Les policiers eux mêmes sont pris dans un système assez complexe. Ils ont affaire à ce tonneau des Danaïdes de meurtres qui se répètent, 240 par an. Et, en même temps, ils n’ont pas beaucoup de moyens. Ils ont la pression de la hiérarchie pour arriver à un taux de résolution qui soit acceptable voire élevé. Puis, à certains moments, il y a des affaires prioritaires parce que politiquement sensibles. Par exemple, le meurtre d’une gamine de 11 ans, ça va faire les titres des journaux, mettre à mal le chef de la police, faire effet de vague sur le maire, tout le monde va en parler. Du coup, on va mettre tous les inspecteurs sur cette affaire. Du coup, les autres affaires en cours sont négligées. Le taux de résolution s’effondre. Ce qu’on va leur reprocher.

Ces policiers sont pris dans des logiques incompréhensibles avec peu de moyens, peu d’intelligence collective de la part des supérieurs hiérarchiques. Et on en arrive à des flics désabusés qui, dans ces conditions de travail, ne lui trouvent plus vraiment de sens car résoudre un crime n’a plus aucun effet préventif sur le suivant. Ils continuent bien à s’accrocher, ils font de la paperasse toute la nuit, reviennent quatre heures plus tard parce que leur service recommence. Ils s’épuisent sur un travail qui n’a plus beaucoup de sens mais qui est nécessaire et important. Il faut résoudre ces crimes sinon la colère de la population des quartiers pauvres va monter. Et il ne faudrait pas qu’elle croie que la police n’est là que pour les arrêter pour des faits de drogues mais est incapable de résoudre les meurtres dont leurs enfants pourraient être les victimes.
Ce récit a quand même trente ans. C’était une autre époque. les moyens n’ont quand même pas cessé d’évoluer, non?
Oui mais en même temps, s’ils ont sans doute plus de moyens informatiques, que la science a fait des progrès notamment pour la recherche ADN, je ne suis pourtant pas certain que ça les aide beaucoup. En 1988, le taux de résolution s’élevait à 70%. Aujourd’hui, il atteint 30 ou 40%. Donc, si vous avez des moyens mais que personne ne veut quand même témoigner, ça ne fait pas leurs affaires. Que faire d’une trace ADN si vous ne savez pas à qui la relier.
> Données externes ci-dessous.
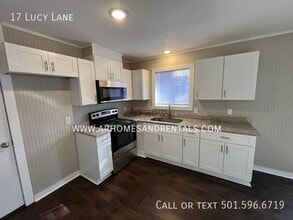 17 Lucy Ln in Sherwood, AR - Building Photo - Building Photo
Dans le tome 2 qui arrivera en janvier, David Simon dit que c’est dans les dix premières heures que la résolution de l’enquête se joue le plus souvent. C’est le temps durant lequel le suspect va laver ses affaire, se débarrasser de son arme, renforcer son alibi, mettre ses potes de son côté en leur disant quoi dire s’ils doivent témoigner. Si le labo met trois semaines à vous renvoyer votre brin de l’identification ADN, votre suspect se sera évaporé dans la nature et vous ne le retrouverez jamais! Encore une fois, ce qu’on voit dans les séries télé sur l’efficacité de la police ne prend pas en compte le manque de moyen, l’incompétence, le fait que ça peut prendre des plombes… Et c’est remarquablement bien montré dans le livre de Simon.

Et dans le vôtre aussi, maintenant! Justement, au niveau du style graphique, vous avez encore évolué, non? C’est du comics!
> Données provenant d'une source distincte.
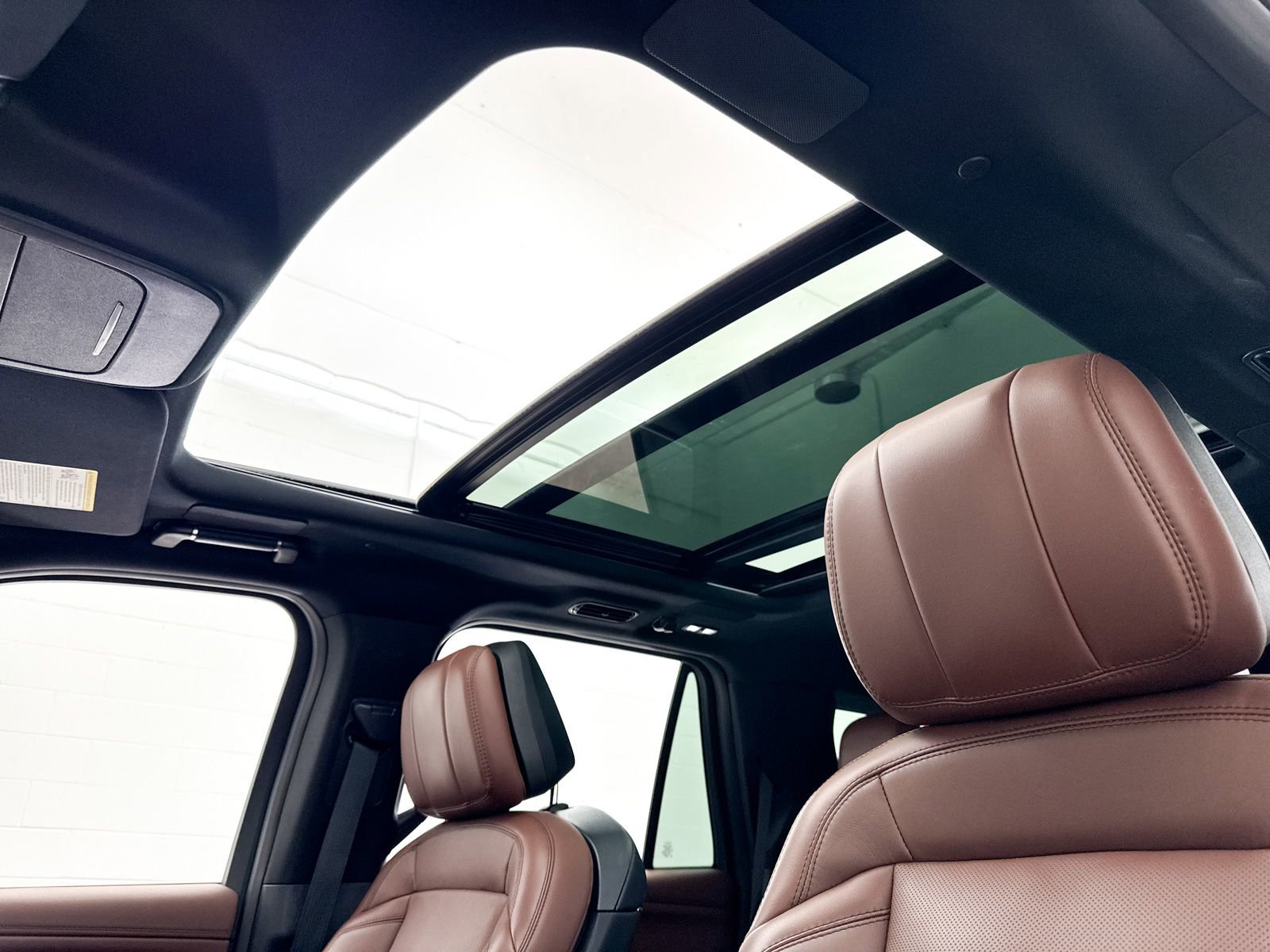 Used 2025 Lincoln Navigator Reserve AWD/4WD image 3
Je me suis dit qu’une narration de cette bande dessinée en utilisant les principes du comics (retour d’images, double-pages…) collait assez bien pour contrer les répétitions et la monotonie qui pourraient s’installer. Parce qu’il y a beaucoup de moments figés où les policiers se retrouvent sur une scène de crime, prennent des notes dans leur calepin, observent la scène. Il fallait faire quelque chose de statique sans être pénible. Et je me suis inspiré du travail de Brian Michael Bendis qui est très fort pour les dialogues, même si ici il y a beaucoup de voix off, et qui utilise ces principes de narration figée, de retour d’image. Je suis amateur de comics américains, et je vais y choper pas mal de principes de grammaire et de découpage.
Moi, j’ai été assez bluffé par votre travail sur les double-pages. Dans pas mal de BDs, je trouve qu’elles ne sont pas utilisées à bon escient et qu’elles perdent parfois le lecteur: dois-je continuer sur la page de droite ou alors lire d’abord la page de gauche. Ici, je trouve que vous arrivez parfaitement à guider le regard!
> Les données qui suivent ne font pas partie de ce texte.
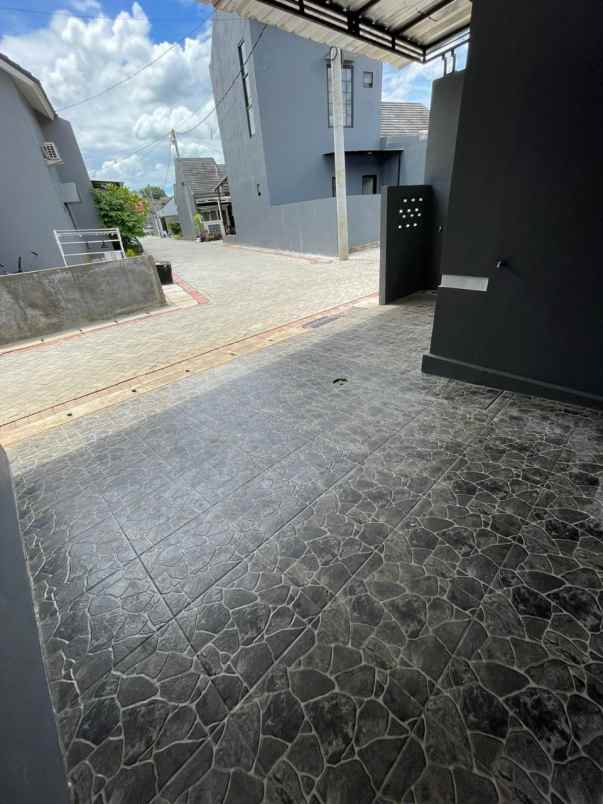 rumah siap huni di pengasinan sawangan depok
Tant mieux! J’ai été assez attentif à ça. Je ne voulais pas que le lecteur se perdre, sorte de l’histoire en se disant « zut, j’ai lu la mauvaise page ». C’est un peu couillon. C’est un piège cette histoire de la double-page qui consiste à aller à revers du réflexe naturel du lecteur et de le faire continuer sur la planche de droite pour après revenir sur la planche de gauche.

Graphiquement, comment travaillez-vous?
En plusieurs étapes. Avant de commencer un tome, j’envoie mes questions à David Simon sur les choses que j’ai repérée. Lui décrit peu les flics physiquement, il les décrit plus psychologiquement, et je ne voulais pas inventer. Ce sont des personnes qui ont réellement existé donc il faut que je sois au moins juste dans leurs silhouettes. Je lui ai demandé de me décrire chaque flic: corpulence, âge, coupe de cheveux, moustache, s’il fumait ou pas, est-ce qu’il portait des lunettes… Où fumaient-ils. On a échangé pas mal de mails.
Ensuite, je me documente mais pas jusqu’au souci du détail. Je me fiche un peu de savoir comment était exactement le badge qu’ils portaient en 1988. Je dessine des gens en blouson, met la forme du badge dessus et sur le bras, et c’est tout. Je me fiche de savoir de quoi était composée leur ceinture, où se portaient les menottes… L’idée du flic me suffit. Je pense qu’il faut être relativement exact mais pas poussé le vice jusqu’au détail près. Je m’attarde surtout sur le regard des inspecteurs de la brigade des homicides.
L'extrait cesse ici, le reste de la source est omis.